Empire, after all, is not a new idea—Trump’s version is simply to be much more publicly embraced, indeed celebrated.
It started a few days before Christmas, less than a month before he would be sworn in as president. In a Phoenix speech and later in social media holiday greetings, Trump named the presents he was hoping for: Canada, Greenland, and the Panama Canal. (Soon he would add the Gulf of America and Denali, the “Tall One” in the local Indigenous language, now to be called Mt. McKinley once again, as it was before Biden officially recognized the name that the Koyukon people have called it for centuries.)

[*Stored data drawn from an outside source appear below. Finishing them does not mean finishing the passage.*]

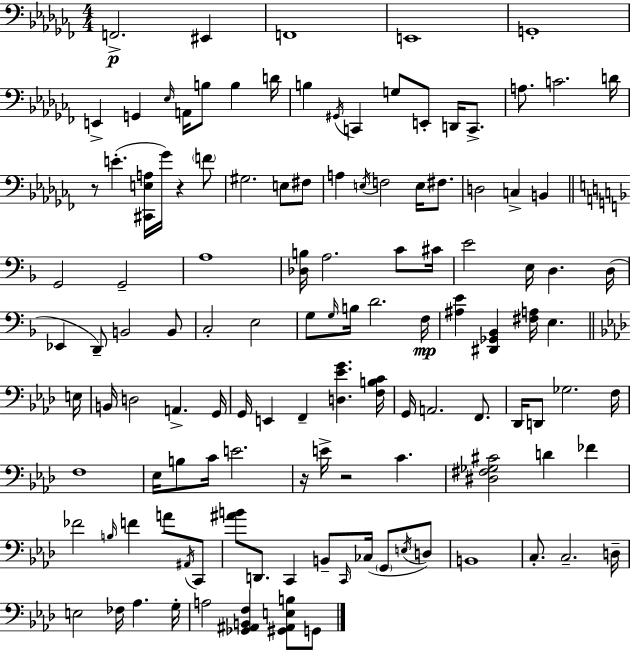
X:1
T:Untitled
M:4/4
L:1/4
K:Abm
F,,2 ^E,, F,,4 E,,4 G,,4 E,, G,, _E,/4 A,,/4 B,/2 B, D/4 B, ^G,,/4 C,, G,/2 E,,/2 D,,/4 C,,/2 A,/2 C2 D/4 z/2 E [^C,,E,A,]/4 _G/4 z F/2 ^G,2 E,/2 ^F,/2 A, E,/4 F,2 E,/4 ^F,/2 D,2 C, B,, G,,2 G,,2 A,4 [_D,B,]/4 A,2 C/2 ^C/4 E2 E,/4 D, D,/4 _E,, D,,/2 B,,2 B,,/2 C,2 E,2 G,/2 G,/4 B,/4 D2 F,/4 [^A,E] [^D,,_G,,_B,,] [^F,A,]/4 E, E,/4 B,,/4 D,2 A,, G,,/4 G,,/4 E,, F,, [D,_EG] [F,B,C]/4 G,,/4 A,,2 F,,/2 _D,,/4 D,,/2 _G,2 F,/4 F,4 _E,/4 B,/2 C/4 E2 z/4 E/4 z2 C [^D,^F,_G,^C]2 D _F _F2 B,/4 F A/2 ^A,,/4 C,,/2 [^AB]/2 D,,/2 C,, B,,/2 C,,/4 _C,/4 G,,/2 E,/4 D,/2 B,,4 C,/2 C,2 D,/4 E,2 _F,/4 _A, G,/4 A,2 [_G,,^A,,B,,F,] [^G,,^A,,E,B,]/2 G,,/2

While old and new forms of colonialism are a longstanding part of U.S. history, the public pronouncement of a plan not only to carry the U.S. flag to new horizons, but actually to “expand our territory” is new for the 21st century.
As is so often the case with Trump, inconvenient facts—that Canada had no interest in becoming the 51st state, Greenland was not for sale, and the Panama Canal belonged to, well, Panama—had no bearing on his holiday wish list. And for a while it seemed that even in the context of his extremist plans (not to mention the Heritage Foundation’s 900-page opus of implementation instructions for those plans), Trump’s global aspirations seemed just a bit too far over the top to have to take them seriously.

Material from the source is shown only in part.